The terms of our credit facility include certain restrictions and covenants which limit, among other things, the incurrence of liens, and which require compliance with financial ratios relating to, among other things, the minimum amount of tangible net worth, the minimum amount of debt service coverage, the minimum amount of fixed charge coverage, the maximum amount of debt to total value, the minimum level of net income, certain investment limitations and the minimum value of unencumbered properties and the number of such properties. Net proceeds received from the sale, financing or refinancing of properties are generally required to be used to repay amounts outstanding under our credit facility. At September 30, 2021, we were in compliance with the covenants under this facility.
Off-Balance Sheet Arrangement
We are not a party to any off-balance sheet arrangements other than with respect to a land parcel owned by us and located in Beachwood, Ohio. This parcel is improved by a multi-family complex (i.e., The Vue) and we ground leased the parcel to the owner/operator of such complex. This ground lease did not generate any rental income during the three and nine months ended September 30, 2021. At September 30, 2021, the carrying value of the land on our balance sheet was $15.4 million; our leasehold position is subordinate to $66.3 million of mortgage debt incurred by our tenant, the owner/operator of the multi-family complex. In addition, we have agreed to fund certain capital expenditures and operating cash flow shortfalls at this property. We do not believe that this type of off-balance sheet arrangement has been or will be material to our liquidity and capital resource positions, except to the extent we determine to continue to fund the capital expenditures required by, and the operating cash flow shortfalls, at this property. See “Management’s Discussion and Analysis of Financial Condition and Results of Operations – Challenges and Uncertainties Facing Certain Tenants and Properties” and Note 6 to our consolidated financial statements for additional information regarding this arrangement.

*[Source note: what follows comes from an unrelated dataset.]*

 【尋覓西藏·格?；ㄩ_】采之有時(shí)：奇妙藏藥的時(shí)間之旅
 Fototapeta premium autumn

Funds from Operations and Adjusted Funds from Operations
We compute funds from operations, or FFO, in accordance with the “White Paper on Funds From Operations” issued by the National Association of Real Estate Investment Trusts (“NAREIT”) and NAREIT’s related guidance. FFO is defined in the White Paper as net income (calculated in accordance with GAAP), excluding depreciation and amortization related to real estate, gains and losses from the sale of certain real estate assets, gains and losses from change in control, impairment write-downs of certain real estate assets and investments in entities where the impairment is directly attributable to decreases in the value of depreciable real estate held by the entity. Adjustments for unconsolidated partnerships and joint ventures are calculated to reflect FFO on the same basis. In computing FFO, we do not add back to net income the amortization of costs in connection with our financing activities or depreciation of non-real estate assets.

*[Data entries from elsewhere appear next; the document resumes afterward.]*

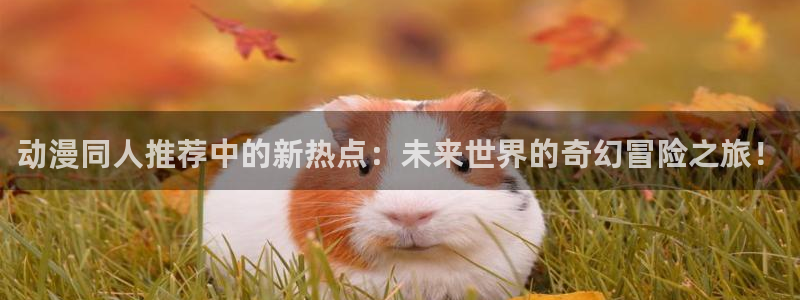 里番动画app：动漫同人推荐中的新热点：未来世界的奇幻冒险之旅！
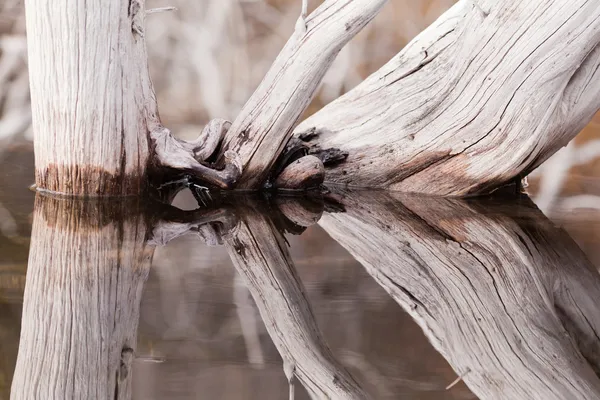 Árvores velhas desgastadas espelhadas na superfície de água calma — Fotografia de Stock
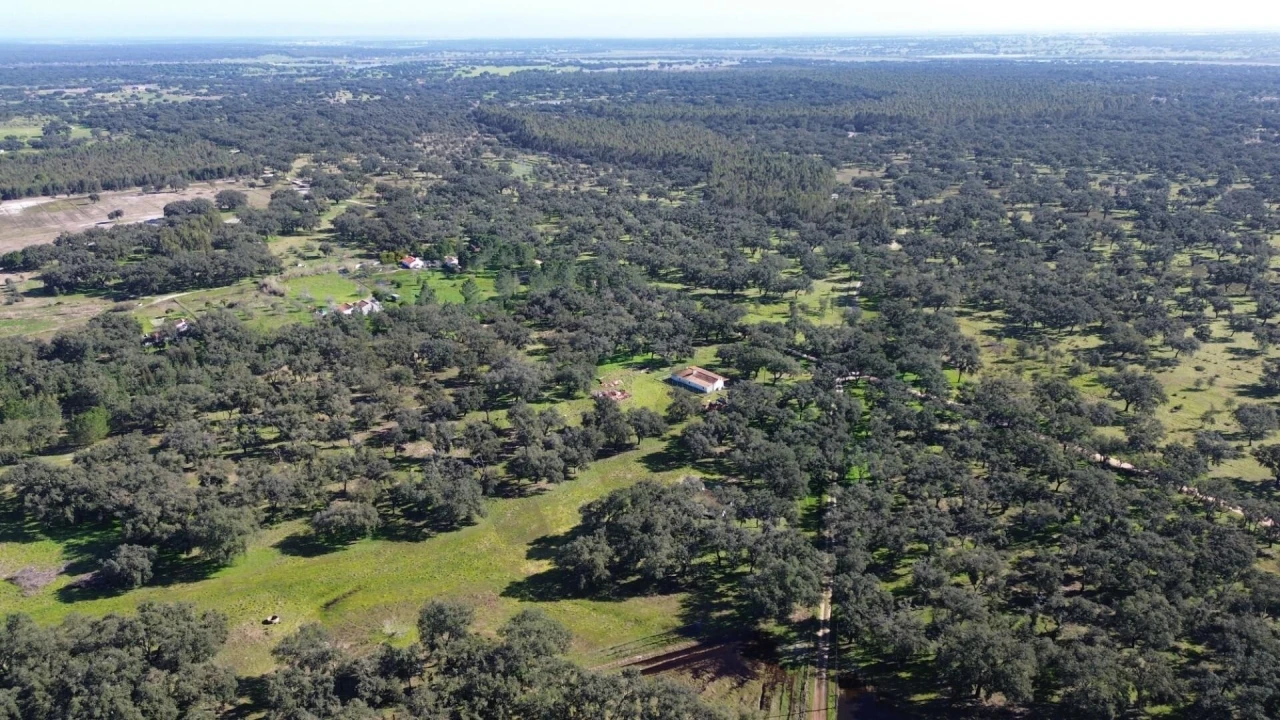 Quinta T3 para Venda em São Domingos e Vale de Água Foto 25
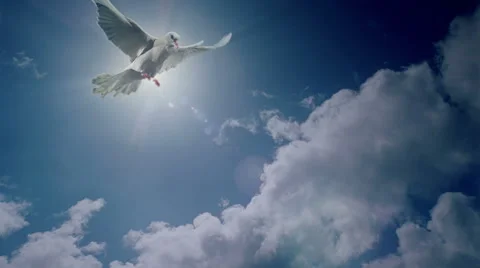 White clouds and Dove of Peace Stock Footage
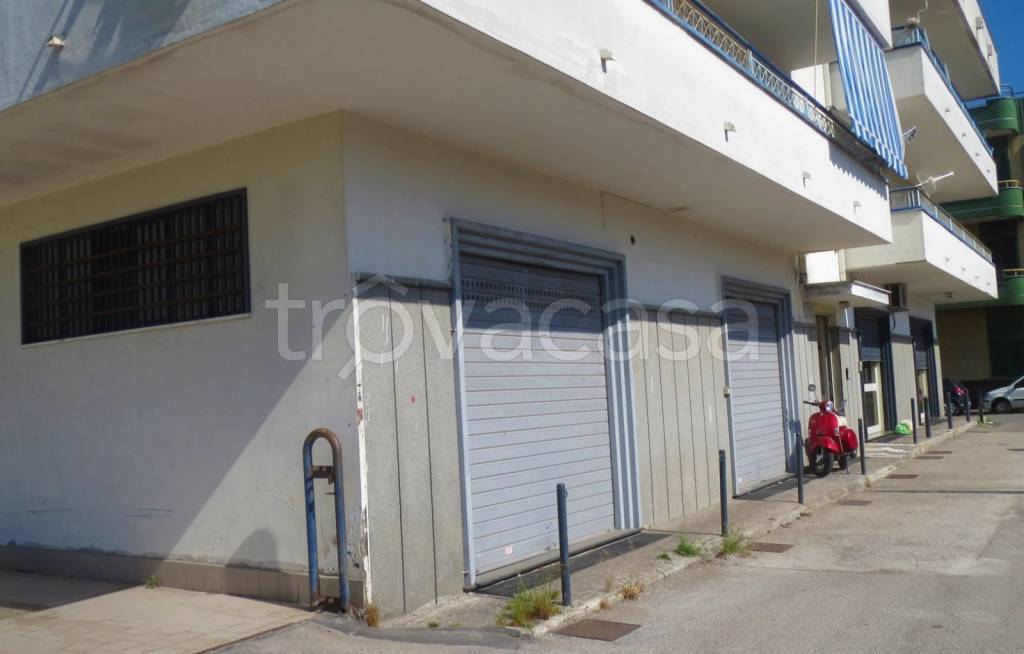 appartamento in vendita a San Gennaro Vesuviano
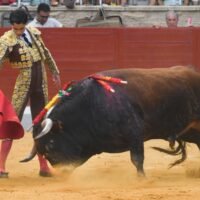 El Mene firma el toreo de mayor empaque pero pierde con la espada el premio grande en Villaseca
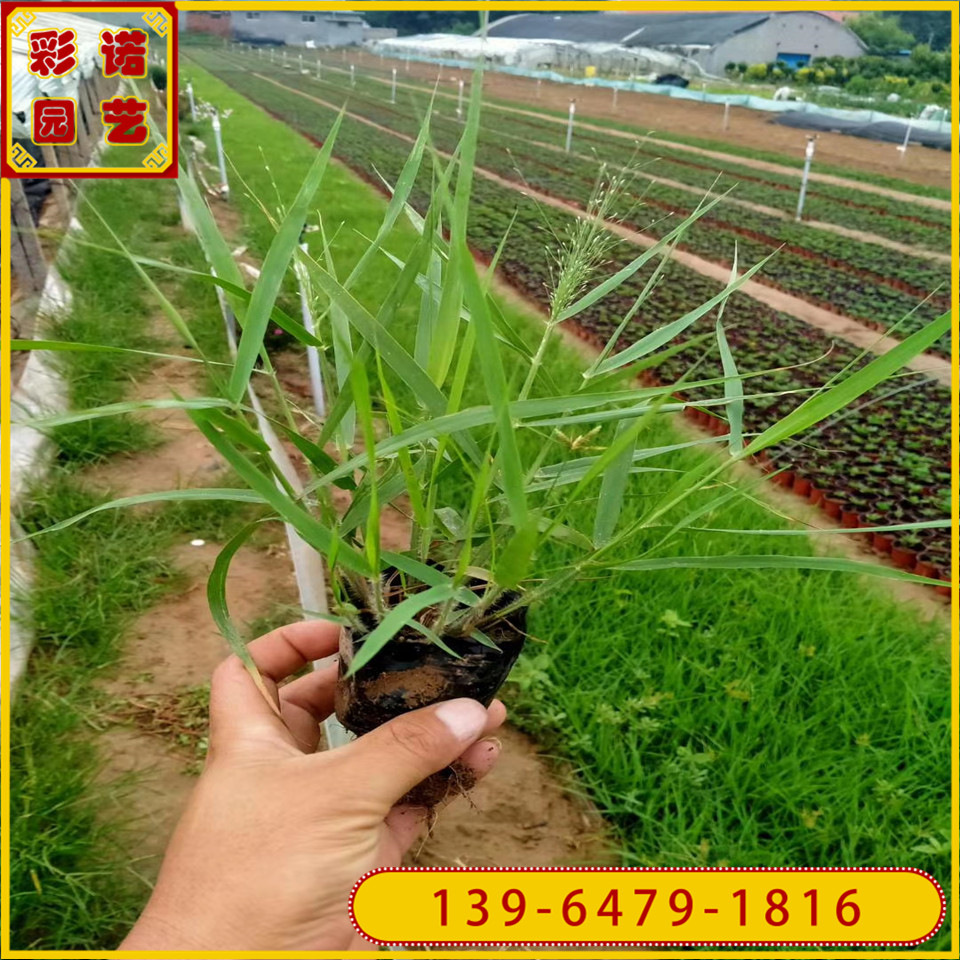 供应各种工程苗 基地直销细叶画眉草营养袋苗 弯叶画眉草种苗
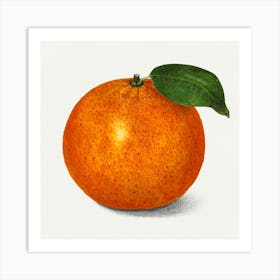 Orange Art Print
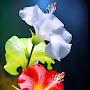@applequeen26haward70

We compute adjusted funds from operations, or AFFO, by adjusting from FFO for our straight-line rent accruals and amortization of lease intangibles, deducting lease termination and certain other non-recurring fees and adding back amortization of restricted stock and restricted stock unit compensation expense, amortization of costs in connection with our financing activities (including our share of our unconsolidated joint ventures), income on insurance recoveries from
casualties and debt prepayment costs. Since the NAREIT White Paper does not provide guidelines for computing AFFO, the computation of AFFO may vary from one REIT to another.
We believe that FFO and AFFO are useful and standard supplemental measures of the operating performance for equity REITs and are used frequently by securities analysts, investors and other interested parties in evaluating equity REITs, many of which present FFO and AFFO when reporting their operating results. FFO and AFFO are intended to exclude GAAP historical cost depreciation and amortization of real estate assets, which assumes that the value of real estate assets diminish predictability over time. In fact, real estate values have historically risen and fallen with market conditions. As a result, we believe that FFO and AFFO provide a performance measure that when compared year over year, should reflect the impact to operations from trends in occupancy rates, rental rates, operating costs, interest costs and other matters without the inclusion of depreciation and amortization, providing a perspective that may not be necessarily apparent from net income. We also consider FFO and AFFO to be useful to us in evaluating potential property acquisitions.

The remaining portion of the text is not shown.